When you reach the line with "Fashionable Luxe Beaded" in the data below, begin printing lines exactly, and stop once the line with "19c Mahogany Two Drawer Side Table - Image 2" has been printed.

Data for the task:
================
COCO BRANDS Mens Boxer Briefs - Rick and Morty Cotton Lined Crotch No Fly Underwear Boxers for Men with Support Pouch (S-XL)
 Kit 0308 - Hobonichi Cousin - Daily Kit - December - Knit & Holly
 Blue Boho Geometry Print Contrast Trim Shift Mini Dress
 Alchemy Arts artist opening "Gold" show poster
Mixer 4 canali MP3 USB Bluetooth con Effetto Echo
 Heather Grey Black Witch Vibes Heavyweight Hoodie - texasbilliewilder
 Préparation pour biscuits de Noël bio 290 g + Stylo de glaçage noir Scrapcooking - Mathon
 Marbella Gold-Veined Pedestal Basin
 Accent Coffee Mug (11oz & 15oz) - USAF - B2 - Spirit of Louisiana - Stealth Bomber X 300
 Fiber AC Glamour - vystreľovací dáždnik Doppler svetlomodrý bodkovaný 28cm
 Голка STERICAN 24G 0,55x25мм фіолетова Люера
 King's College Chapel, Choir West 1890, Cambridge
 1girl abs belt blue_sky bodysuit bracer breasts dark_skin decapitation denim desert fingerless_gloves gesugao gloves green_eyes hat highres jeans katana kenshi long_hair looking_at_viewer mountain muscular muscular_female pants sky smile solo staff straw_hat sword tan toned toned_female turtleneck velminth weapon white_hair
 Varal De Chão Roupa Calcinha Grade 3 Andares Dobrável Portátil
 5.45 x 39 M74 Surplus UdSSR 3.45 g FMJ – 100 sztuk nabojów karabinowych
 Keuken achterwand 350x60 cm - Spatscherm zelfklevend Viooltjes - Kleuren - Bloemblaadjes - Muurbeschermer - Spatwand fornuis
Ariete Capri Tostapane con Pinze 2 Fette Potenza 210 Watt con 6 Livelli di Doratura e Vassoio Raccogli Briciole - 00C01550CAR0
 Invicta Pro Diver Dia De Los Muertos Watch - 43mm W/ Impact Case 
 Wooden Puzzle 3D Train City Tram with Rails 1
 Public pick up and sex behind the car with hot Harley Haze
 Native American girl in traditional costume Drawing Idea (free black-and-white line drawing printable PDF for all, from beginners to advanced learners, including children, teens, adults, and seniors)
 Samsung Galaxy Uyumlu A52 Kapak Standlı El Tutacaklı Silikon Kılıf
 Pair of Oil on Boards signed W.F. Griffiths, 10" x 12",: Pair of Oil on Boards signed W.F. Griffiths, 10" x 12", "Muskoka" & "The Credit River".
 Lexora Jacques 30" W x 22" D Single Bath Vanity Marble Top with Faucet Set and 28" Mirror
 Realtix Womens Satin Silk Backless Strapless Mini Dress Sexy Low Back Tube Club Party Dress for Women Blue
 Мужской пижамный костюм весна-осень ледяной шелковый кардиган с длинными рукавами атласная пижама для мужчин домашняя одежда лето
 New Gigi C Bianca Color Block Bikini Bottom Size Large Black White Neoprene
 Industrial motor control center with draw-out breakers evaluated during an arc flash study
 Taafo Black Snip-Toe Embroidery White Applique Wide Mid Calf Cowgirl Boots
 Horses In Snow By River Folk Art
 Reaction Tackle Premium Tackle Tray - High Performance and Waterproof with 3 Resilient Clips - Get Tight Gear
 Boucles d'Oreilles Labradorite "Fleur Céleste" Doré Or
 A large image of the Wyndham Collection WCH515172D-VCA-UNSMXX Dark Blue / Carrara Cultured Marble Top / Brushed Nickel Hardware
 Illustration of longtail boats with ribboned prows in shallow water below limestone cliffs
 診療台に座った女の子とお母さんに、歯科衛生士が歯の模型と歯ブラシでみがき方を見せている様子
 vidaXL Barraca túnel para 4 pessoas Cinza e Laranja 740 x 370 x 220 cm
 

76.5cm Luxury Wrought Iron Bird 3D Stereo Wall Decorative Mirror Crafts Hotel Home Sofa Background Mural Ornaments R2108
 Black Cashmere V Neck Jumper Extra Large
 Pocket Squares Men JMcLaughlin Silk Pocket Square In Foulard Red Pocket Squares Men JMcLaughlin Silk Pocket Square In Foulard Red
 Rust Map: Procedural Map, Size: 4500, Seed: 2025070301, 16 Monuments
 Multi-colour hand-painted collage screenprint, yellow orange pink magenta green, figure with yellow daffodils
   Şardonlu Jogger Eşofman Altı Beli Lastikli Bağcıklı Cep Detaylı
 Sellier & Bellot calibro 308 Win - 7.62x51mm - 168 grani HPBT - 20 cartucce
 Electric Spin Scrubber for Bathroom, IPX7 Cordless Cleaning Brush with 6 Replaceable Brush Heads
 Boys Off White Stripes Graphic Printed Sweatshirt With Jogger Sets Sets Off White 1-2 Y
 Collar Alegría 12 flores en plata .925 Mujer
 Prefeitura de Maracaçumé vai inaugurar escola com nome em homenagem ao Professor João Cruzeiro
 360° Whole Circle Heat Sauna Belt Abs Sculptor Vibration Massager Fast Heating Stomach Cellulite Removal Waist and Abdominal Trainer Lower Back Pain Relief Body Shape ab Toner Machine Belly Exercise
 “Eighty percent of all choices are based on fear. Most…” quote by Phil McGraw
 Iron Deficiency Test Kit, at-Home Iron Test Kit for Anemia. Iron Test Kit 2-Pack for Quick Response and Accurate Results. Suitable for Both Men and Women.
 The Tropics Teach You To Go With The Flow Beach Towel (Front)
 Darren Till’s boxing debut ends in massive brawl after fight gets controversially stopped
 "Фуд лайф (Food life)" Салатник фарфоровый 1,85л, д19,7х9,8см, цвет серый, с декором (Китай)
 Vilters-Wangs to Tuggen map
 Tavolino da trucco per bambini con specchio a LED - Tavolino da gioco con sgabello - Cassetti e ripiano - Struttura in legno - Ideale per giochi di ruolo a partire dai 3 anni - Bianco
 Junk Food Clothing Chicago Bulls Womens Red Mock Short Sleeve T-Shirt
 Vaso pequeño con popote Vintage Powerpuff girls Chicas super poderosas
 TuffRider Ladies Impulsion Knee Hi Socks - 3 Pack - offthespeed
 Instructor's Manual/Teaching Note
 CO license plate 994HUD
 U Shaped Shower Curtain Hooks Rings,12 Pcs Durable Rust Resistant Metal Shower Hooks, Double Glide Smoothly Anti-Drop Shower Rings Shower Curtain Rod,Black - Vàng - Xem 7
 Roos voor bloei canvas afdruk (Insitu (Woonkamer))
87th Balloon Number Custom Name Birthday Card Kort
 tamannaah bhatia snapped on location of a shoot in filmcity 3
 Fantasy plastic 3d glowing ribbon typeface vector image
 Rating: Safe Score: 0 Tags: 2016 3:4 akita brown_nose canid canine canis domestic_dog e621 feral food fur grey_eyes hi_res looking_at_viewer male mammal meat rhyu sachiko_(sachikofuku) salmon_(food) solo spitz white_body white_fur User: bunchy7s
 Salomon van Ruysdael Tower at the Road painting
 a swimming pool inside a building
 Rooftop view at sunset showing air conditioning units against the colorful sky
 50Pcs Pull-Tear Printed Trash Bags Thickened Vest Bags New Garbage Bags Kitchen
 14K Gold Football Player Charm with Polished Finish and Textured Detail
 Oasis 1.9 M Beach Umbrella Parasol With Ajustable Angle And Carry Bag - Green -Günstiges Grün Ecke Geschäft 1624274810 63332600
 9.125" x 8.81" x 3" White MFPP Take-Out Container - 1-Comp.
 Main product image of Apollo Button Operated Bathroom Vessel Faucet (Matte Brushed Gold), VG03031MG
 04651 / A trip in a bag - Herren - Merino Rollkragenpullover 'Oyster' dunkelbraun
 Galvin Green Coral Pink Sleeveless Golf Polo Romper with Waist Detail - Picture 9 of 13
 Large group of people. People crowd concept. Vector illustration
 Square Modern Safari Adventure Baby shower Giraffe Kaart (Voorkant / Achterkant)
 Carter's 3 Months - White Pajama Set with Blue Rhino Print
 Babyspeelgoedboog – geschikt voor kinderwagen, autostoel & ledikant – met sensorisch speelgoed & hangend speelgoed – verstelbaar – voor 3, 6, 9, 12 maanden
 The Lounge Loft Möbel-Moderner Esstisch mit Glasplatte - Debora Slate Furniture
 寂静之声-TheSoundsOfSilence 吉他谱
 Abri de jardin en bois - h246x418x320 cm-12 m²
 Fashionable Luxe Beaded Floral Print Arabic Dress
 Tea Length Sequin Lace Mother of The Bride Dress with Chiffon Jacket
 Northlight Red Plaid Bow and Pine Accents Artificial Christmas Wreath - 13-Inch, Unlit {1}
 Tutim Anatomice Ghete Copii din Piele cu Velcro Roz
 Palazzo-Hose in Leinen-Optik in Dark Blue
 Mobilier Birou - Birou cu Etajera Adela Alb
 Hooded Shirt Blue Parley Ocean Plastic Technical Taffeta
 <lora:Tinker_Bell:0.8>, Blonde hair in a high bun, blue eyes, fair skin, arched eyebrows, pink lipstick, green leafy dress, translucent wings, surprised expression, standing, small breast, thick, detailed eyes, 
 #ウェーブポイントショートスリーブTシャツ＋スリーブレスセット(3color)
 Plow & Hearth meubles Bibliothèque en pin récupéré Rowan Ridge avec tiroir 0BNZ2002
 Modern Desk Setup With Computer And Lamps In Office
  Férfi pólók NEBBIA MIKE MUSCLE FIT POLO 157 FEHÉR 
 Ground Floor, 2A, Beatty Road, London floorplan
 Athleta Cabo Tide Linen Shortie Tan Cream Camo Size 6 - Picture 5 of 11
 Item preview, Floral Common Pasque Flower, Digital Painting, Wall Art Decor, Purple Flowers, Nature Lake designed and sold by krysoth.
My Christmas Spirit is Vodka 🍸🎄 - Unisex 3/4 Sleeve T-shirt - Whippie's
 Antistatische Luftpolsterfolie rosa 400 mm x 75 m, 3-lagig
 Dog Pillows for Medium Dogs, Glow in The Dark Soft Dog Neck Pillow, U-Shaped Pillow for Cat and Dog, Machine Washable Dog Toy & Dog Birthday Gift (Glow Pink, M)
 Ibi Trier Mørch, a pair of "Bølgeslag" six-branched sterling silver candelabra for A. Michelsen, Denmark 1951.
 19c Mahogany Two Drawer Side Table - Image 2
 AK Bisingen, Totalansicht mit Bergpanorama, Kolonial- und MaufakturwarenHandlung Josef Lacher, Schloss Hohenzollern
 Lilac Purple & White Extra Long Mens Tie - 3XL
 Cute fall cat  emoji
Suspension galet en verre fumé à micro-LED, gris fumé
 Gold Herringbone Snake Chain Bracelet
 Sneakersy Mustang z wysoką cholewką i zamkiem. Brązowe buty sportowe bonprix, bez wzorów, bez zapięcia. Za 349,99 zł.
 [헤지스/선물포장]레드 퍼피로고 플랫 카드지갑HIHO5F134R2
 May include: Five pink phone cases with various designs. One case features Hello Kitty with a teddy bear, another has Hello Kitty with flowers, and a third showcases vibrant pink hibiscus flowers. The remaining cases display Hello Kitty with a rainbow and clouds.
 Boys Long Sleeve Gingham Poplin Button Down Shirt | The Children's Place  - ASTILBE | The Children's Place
================
Solution below:
 Fashionable Luxe Beaded Floral Print Arabic Dress
 Tea Length Sequin Lace Mother of The Bride Dress with Chiffon Jacket
 Northlight Red Plaid Bow and Pine Accents Artificial Christmas Wreath - 13-Inch, Unlit {1}
 Tutim Anatomice Ghete Copii din Piele cu Velcro Roz
 Palazzo-Hose in Leinen-Optik in Dark Blue
 Mobilier Birou - Birou cu Etajera Adela Alb
 Hooded Shirt Blue Parley Ocean Plastic Technical Taffeta
 <lora:Tinker_Bell:0.8>, Blonde hair in a high bun, blue eyes, fair skin, arched eyebrows, pink lipstick, green leafy dress, translucent wings, surprised expression, standing, small breast, thick, detailed eyes, 
 #ウェーブポイントショートスリーブTシャツ＋スリーブレスセット(3color)
 Plow & Hearth meubles Bibliothèque en pin récupéré Rowan Ridge avec tiroir 0BNZ2002
 Modern Desk Setup With Computer And Lamps In Office
  Férfi pólók NEBBIA MIKE MUSCLE FIT POLO 157 FEHÉR 
 Ground Floor, 2A, Beatty Road, London floorplan
 Athleta Cabo Tide Linen Shortie Tan Cream Camo Size 6 - Picture 5 of 11
 Item preview, Floral Common Pasque Flower, Digital Painting, Wall Art Decor, Purple Flowers, Nature Lake designed and sold by krysoth.
My Christmas Spirit is Vodka 🍸🎄 - Unisex 3/4 Sleeve T-shirt - Whippie's
 Antistatische Luftpolsterfolie rosa 400 mm x 75 m, 3-lagig
 Dog Pillows for Medium Dogs, Glow in The Dark Soft Dog Neck Pillow, U-Shaped Pillow for Cat and Dog, Machine Washable Dog Toy & Dog Birthday Gift (Glow Pink, M)
 Ibi Trier Mørch, a pair of "Bølgeslag" six-branched sterling silver candelabra for A. Michelsen, Denmark 1951.
 19c Mahogany Two Drawer Side Table - Image 2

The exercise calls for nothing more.